グロトリアン社は、1835年ハインリヒ・エンゲルハルト・スタインヴェーグ(後にアメリカへ渡りスタインウェイ社を創設した)により、ドイツのゼーセンで創設されました。
1850年スタインヴェーグ一家は長男のテオドール・スタインヴェーグにピアノ工場を任してニューヨークへ移住しました。
1856年フリードリッヒ・グロトリアン(ドイツからモスクワへ行きピアノ販売事業を手がけた後帰国した)がパートナーとして加わり、1857年にピアノ工場をブラウンシュヴァイクへ移しました。この街で今日までピアノ製造を続けています。
1865年テオドール・スタインヴェーグは、会社の株式をヴィルヘルム・グロトリアンと共同経営者たちに売却し、ニューヨークへ渡りました。
ヴィルヘルム・グロトリアンは、ヴィリとクルトという二人の息子を海外(アメリカ、フランスなど)へ送り出し、ピアノ製造を学ばせました。
「息子よ、良質なピアノを作りなさい。そうすればおのずと結果はついてくる。」というヴィルヘルム・グロトリアンの残した言葉が、現在でも社訓として受け継がれています。
そして19世紀の終わりには、グロトリアン社はドイツのトップピアノ製造会社に数えられるようになりました。
第二次世界大戦中、軍事部品の製造を命じられたグロトリアンの工場は、1944年に爆撃され完全に破壊されてしまいました。
その後、クルト・グロトリアンの息子のエルヴィンとヘルムートが不屈の精神で工場を再建し、1948年までに生産は再開されました。
今日もドイツのブラウンシュヴァイクで製造を続けていますが、2015年香港のパーソンズ・ミュージック・グループがグロトリアン社の株式の大半を取得し、製造過程の一部を中国でも行うようになっています。

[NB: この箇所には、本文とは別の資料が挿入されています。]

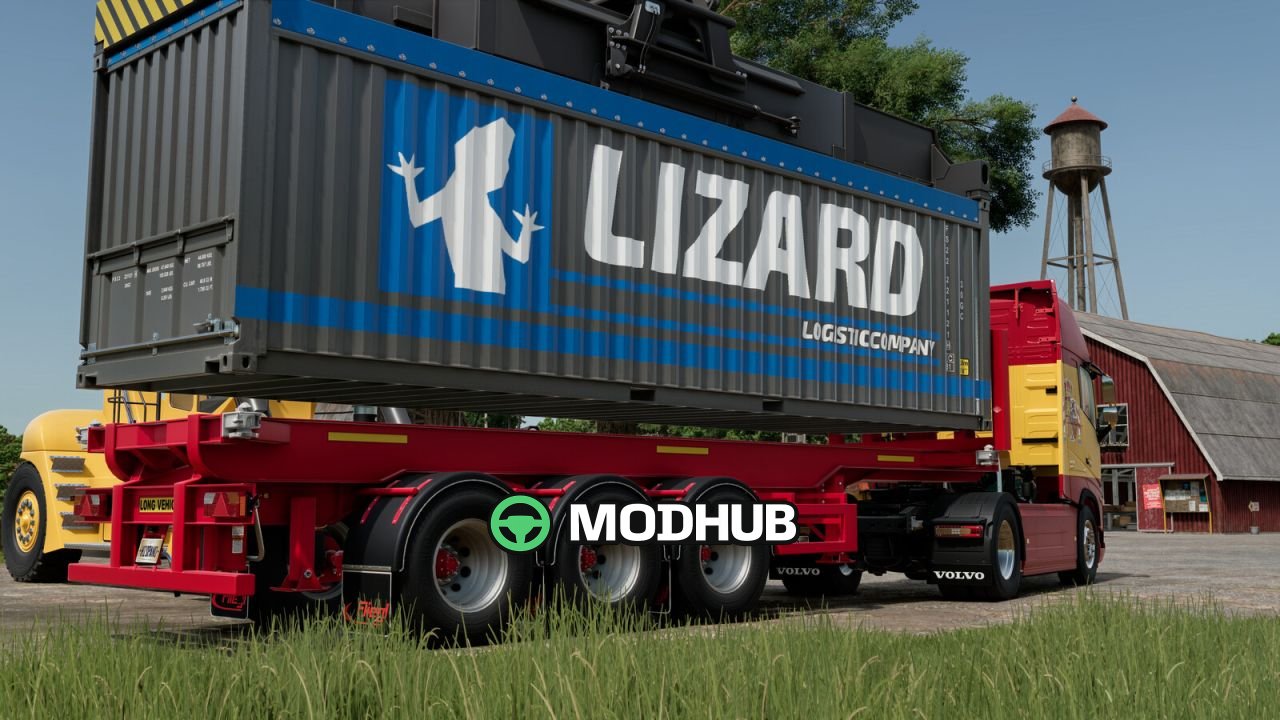 Причіп-контейнеровоз Fliegl Tipping Container v1.0 для FS25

グロトリアンピアノの音色の特徴は、甘い音色とシンギングトーンと言われています。
音楽を愛し、楽器作りに情熱をかけてきたグロトリアン家の技術者たちが目指すのは、人の声が歌うような音色作りでした。

今回の修復により、グロトリアンの歴史を背負うピアノが、甘い音色とシンギングトーンを甦らせることができるようにと、願っています。


2019年9月20日金曜日

修復師自己紹介


こんにちは。ピアノ修復師の和田明子です。
北軽井沢にピアノ修復工房を構えているご縁で、この度私がミュージックホールのピアノを修復させていただくことになりました。
私は、25歳から調律の勉強を始めました。調律師としては遅いスタートでした。
古い楽器に興味を持ち、京都の森田ピアノ工房で1年余り研修させていただいたことが、ピアノ修復の世界への導入となりました。
何も知らず何もできなかった私でしたが、修復の現場に立ち会わせていただき、その仕事の奥深さを目の当たりにして、修復の仕事に携わりたいと思いました。
その後、縁あって渡仏し、パリのピアノバルロン修復工房で1年の研修の後、社員として9年間働きました。
私と同年代の女性修復師であるシルヴィー・フアノンさんから修復を学び、多くの実戦経験をさせていただいたこと、フランスの伝統文化に触れられたこと、人種を超えた人付き合いの中で学んだことなど、10年間で得たことははかり知れません。
そして、2011年に日本へ帰国し、2013年に北軽井沢に工房を開くことができたのは、画家である夫のおかげです。
修復師として独立することなど考えていなかった私を応援してくれました。
ずっとシルヴィーさんと二人三脚で仕事をしてきましたので、一人で修復の全てをできるとは思っていませんでしたが、やってみると何とかできました。
人間、何でもやってみなければわからないものです。
今、北軽井沢で修復を始めて6年が経ちました。ピアノ修復を通しての学びはずっと続いています。
いつも新しい挑戦、失敗の繰り返し、一台一台違う個性を持ったピアノを完成させる喜び・・・大変なことも多いですが、家族とそして北軽井沢の自然に癒されながら、仕事を続けています。
北軽井沢ミュージックホールのグロトリアンのピアノも、私の新しい挑戦となります。
多くの人々の思いが込められたこのピアノは、きっとこのピアノにしか出せない音色で歌ってくれることと信じています。
ピアノ修復は、修復師がピアノを作るのではなく、そのピアノの持っている個性と可能性をいかに引き出せるかが大切だと思っています。
ピアノが自然体で歌えるように環境を正しく整えてあげること、それだけで、歴史あるピアノは素晴らしい音を奏でてくれます。
ではそのピアノの自然体とは何か?修復しながら観察し、ピアノと対話し、判断していきます。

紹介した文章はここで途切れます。